### What to produce
Each record must be written out again exactly. Skip any picture it contains.

Records from a data source
┏━━

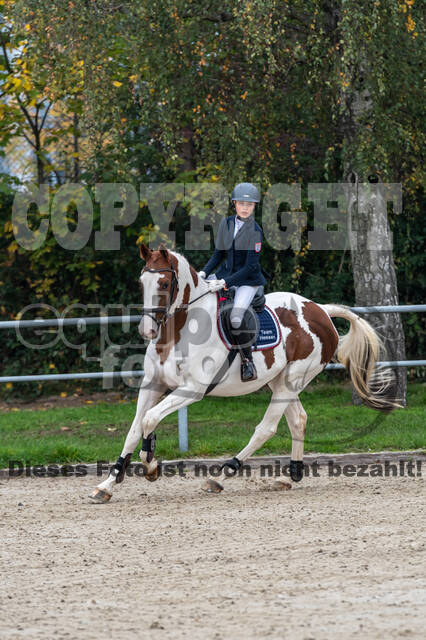 Goldene Schärpe 2020 - Pferde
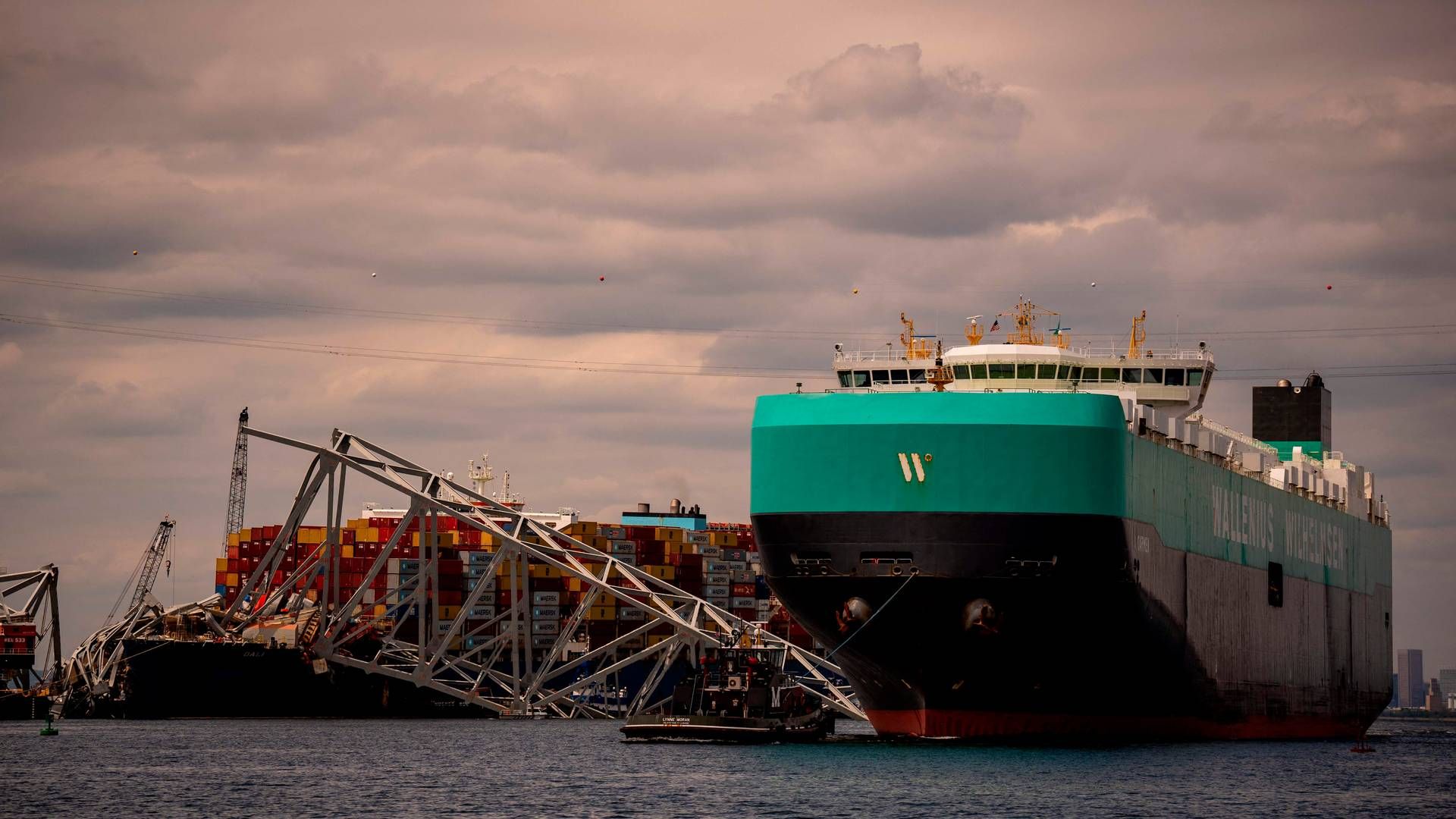 Wallenius Wilhelmsens bilskib var et af de første, der fik lov til at sejle forbi den kolliderede Francis Scott Key Bridge. | Foto: Andrew Harnik/AFP/Ritzau Scanpix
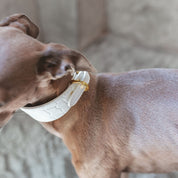 White Croco Dog Collar Wide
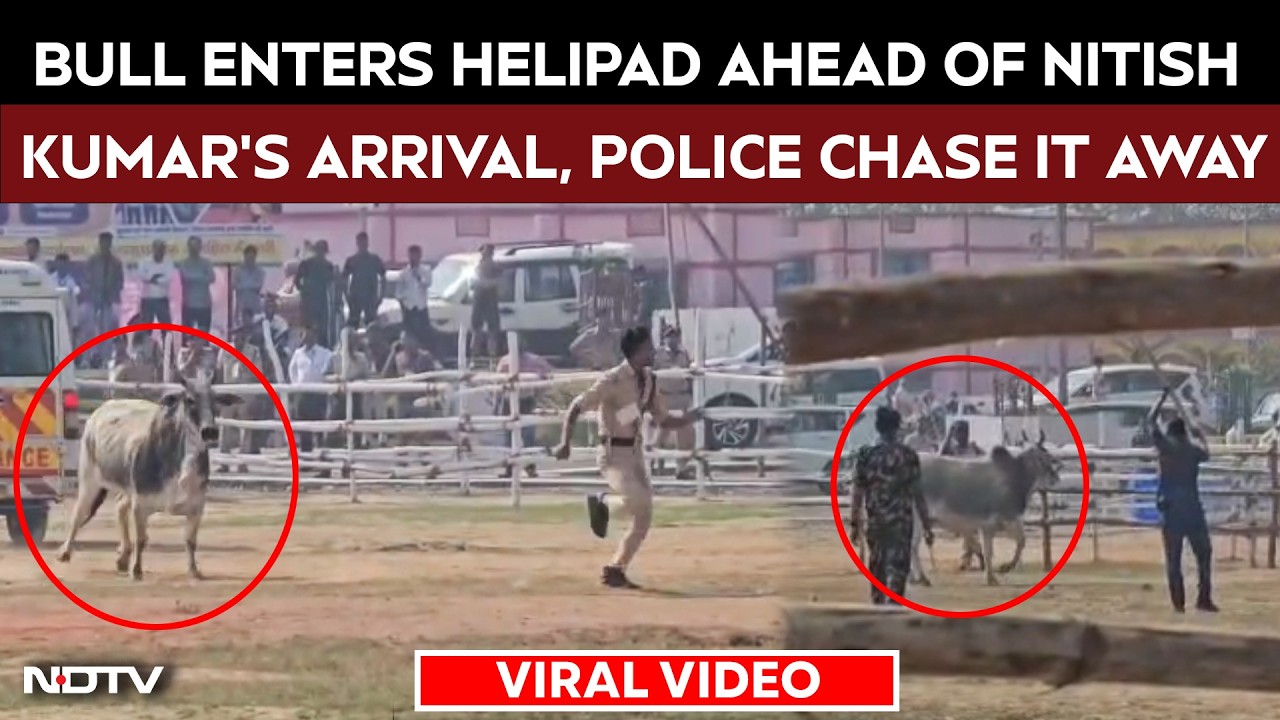 Bull Enters Helipad Ahead Of Nitish Kumar’s Arrival, Police Chase It Away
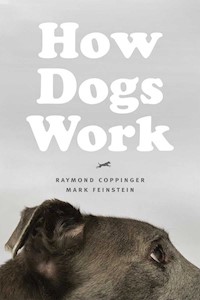 How Dogs Work - Coppinger Raymond - książka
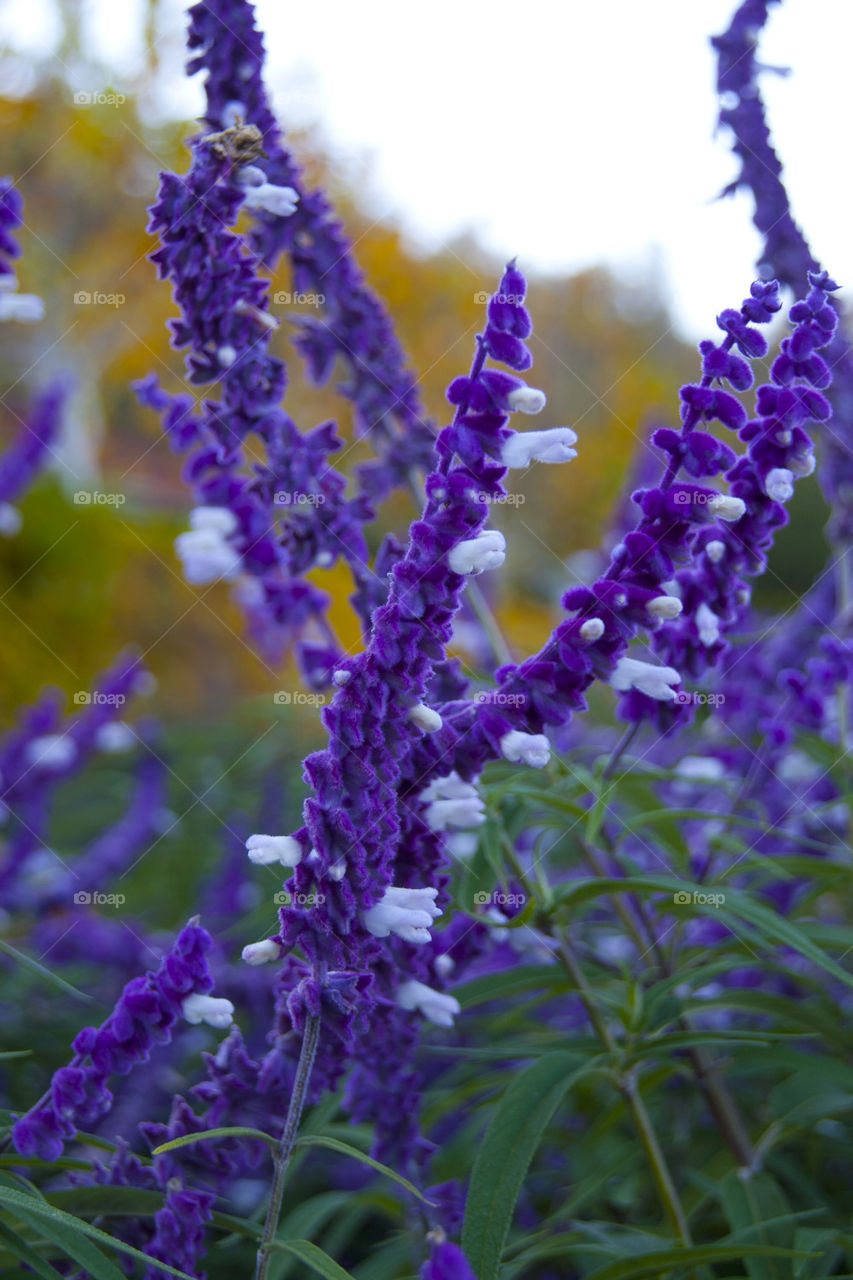 THE PURPLE FLOWERS AT NAPPA VALLEY CALIFORNIA USA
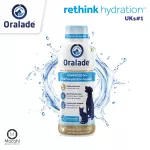 Oralade GI Support izotoninis gėrimas &scaron;unims ir katėms 500 ml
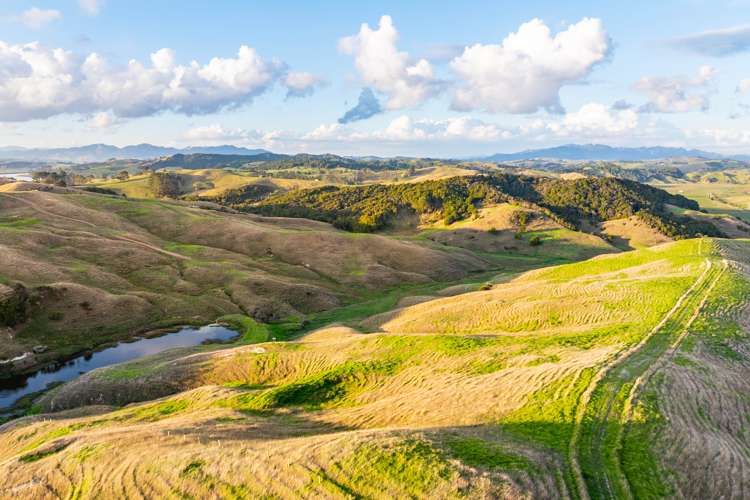 98 Rowland Road Dargaville Surrounds_15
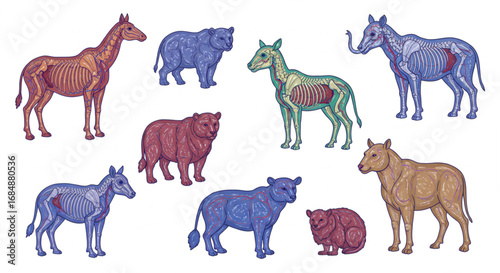 Discover detailed animal anatomy with skeletal and vascular systems beautifully illustrated for educational and scientific use.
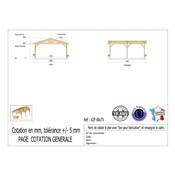 Abri 2 pentes Bois Douglas France Carport Auvent voiture 600x700cm H 250cm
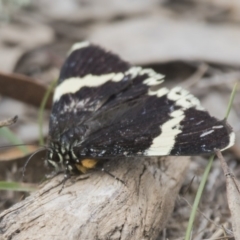 Eutrichopidia latinus at Forde, ACT - 3 Nov 2017 09:28 AM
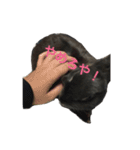 うさぎのめろのすけぇぇえ。（個別スタンプ：25）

┗━━

### Answer to this task
 Goldene Schärpe 2020 - Pferde
 Wallenius Wilhelmsens bilskib var et af de første, der fik lov til at sejle forbi den kolliderede Francis Scott Key Bridge. | Foto: Andrew Harnik/AFP/Ritzau Scanpix
 White Croco Dog Collar Wide
 Bull Enters Helipad Ahead Of Nitish Kumar’s Arrival, Police Chase It Away
 How Dogs Work - Coppinger Raymond - książka
 THE PURPLE FLOWERS AT NAPPA VALLEY CALIFORNIA USA
 Oralade GI Support izotoninis gėrimas &scaron;unims ir katėms 500 ml
 98 Rowland Road Dargaville Surrounds_15
 Discover detailed animal anatomy with skeletal and vascular systems beautifully illustrated for educational and scientific use.
 Abri 2 pentes Bois Douglas France Carport Auvent voiture 600x700cm H 250cm
 Eutrichopidia latinus at Forde, ACT - 3 Nov 2017 09:28 AM
 うさぎのめろのすけぇぇえ。（個別スタンプ：25）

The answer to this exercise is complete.